◆ Problem statement
When you reach the line containing "Handmade Gold & Black Resin Chess Board Set" in the data below, begin returning lines exactly as written, and stop once the line containing "Center Pillow Covers" has been returned.

◆ Supplied entries
* * * * * * *
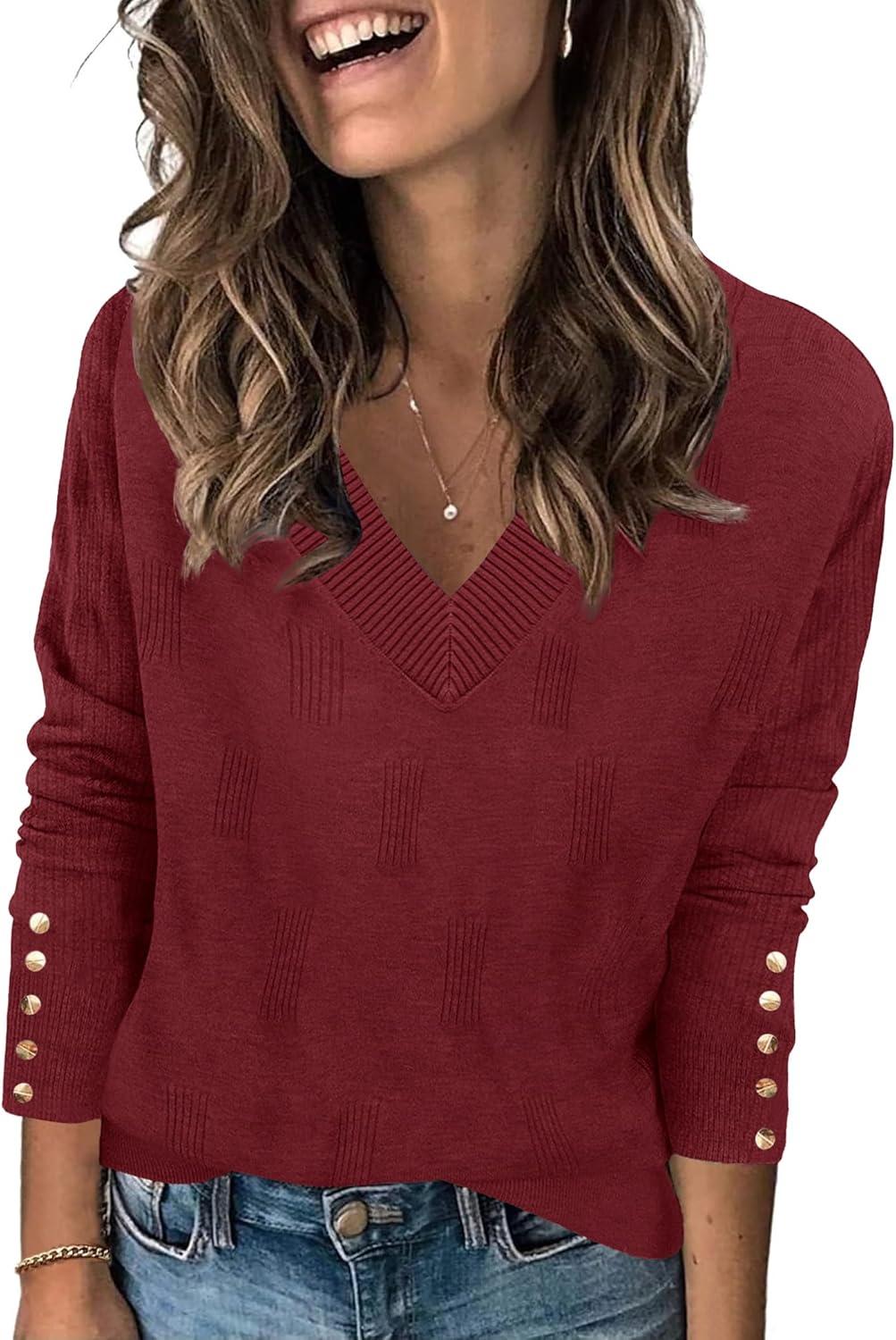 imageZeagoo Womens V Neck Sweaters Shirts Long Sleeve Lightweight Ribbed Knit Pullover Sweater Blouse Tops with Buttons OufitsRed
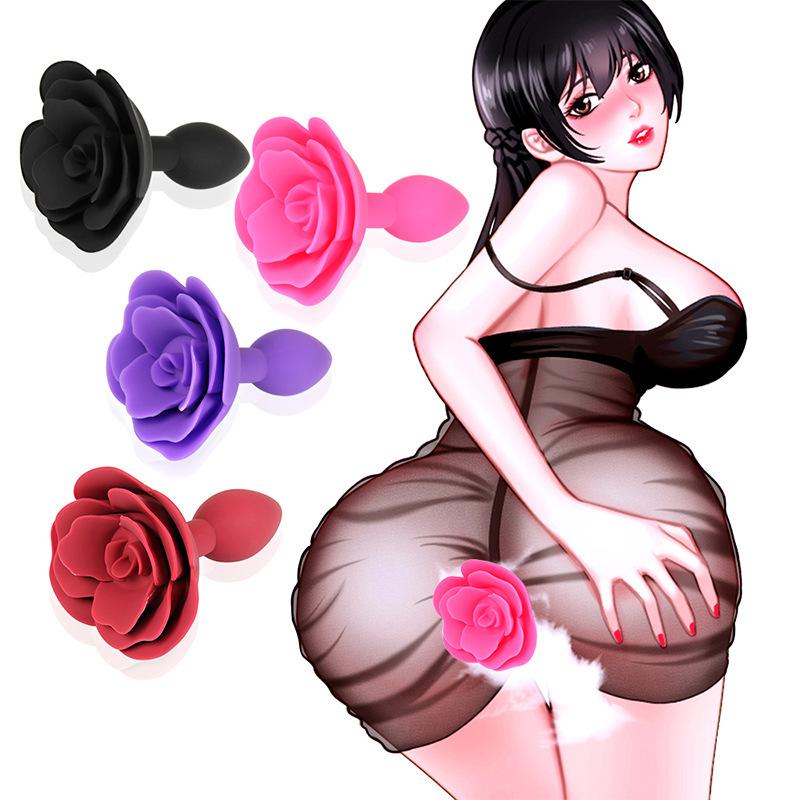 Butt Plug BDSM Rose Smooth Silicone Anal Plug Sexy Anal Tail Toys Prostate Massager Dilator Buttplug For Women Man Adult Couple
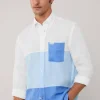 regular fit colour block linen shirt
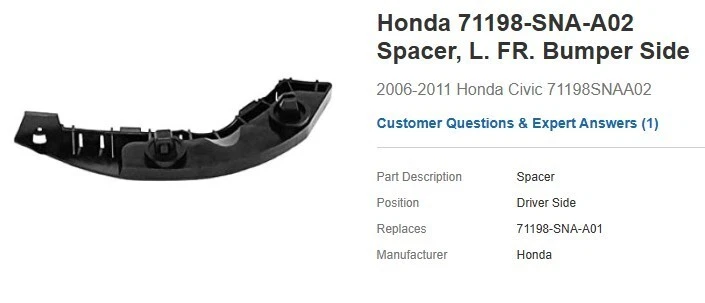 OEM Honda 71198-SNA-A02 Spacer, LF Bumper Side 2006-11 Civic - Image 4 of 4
* * * * * * *
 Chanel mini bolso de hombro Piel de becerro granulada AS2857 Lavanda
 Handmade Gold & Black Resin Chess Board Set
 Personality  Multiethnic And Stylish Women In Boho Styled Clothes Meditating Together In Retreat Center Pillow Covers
* * * * * * *
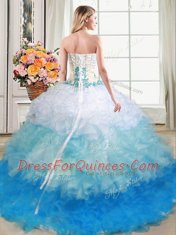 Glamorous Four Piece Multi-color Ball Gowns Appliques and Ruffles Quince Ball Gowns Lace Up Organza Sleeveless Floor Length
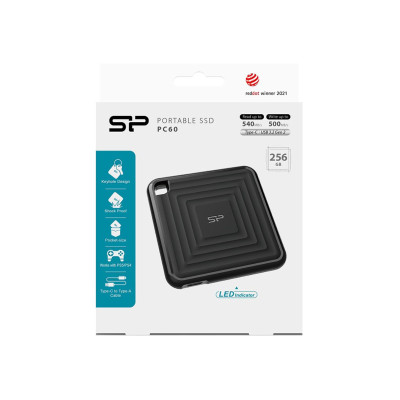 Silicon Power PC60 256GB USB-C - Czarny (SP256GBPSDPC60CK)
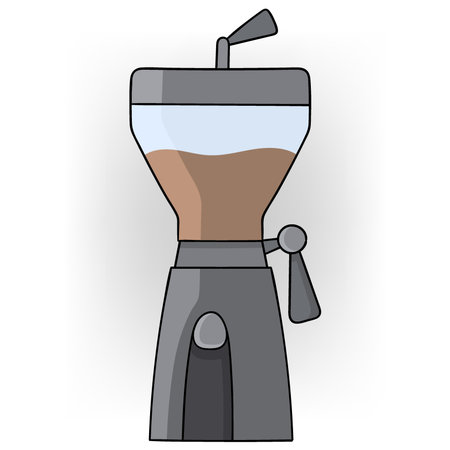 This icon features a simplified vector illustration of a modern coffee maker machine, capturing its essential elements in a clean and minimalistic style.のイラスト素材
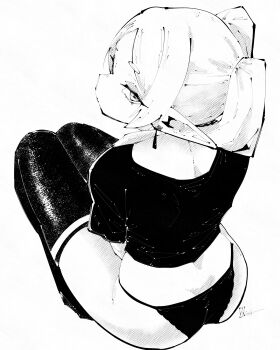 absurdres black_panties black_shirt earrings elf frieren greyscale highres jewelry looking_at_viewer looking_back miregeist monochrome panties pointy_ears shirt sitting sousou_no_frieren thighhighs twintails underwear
* * * * * * *
◆ Response box
 Handmade Gold & Black Resin Chess Board Set
 Personality  Multiethnic And Stylish Women In Boho Styled Clothes Meditating Together In Retreat Center Pillow Covers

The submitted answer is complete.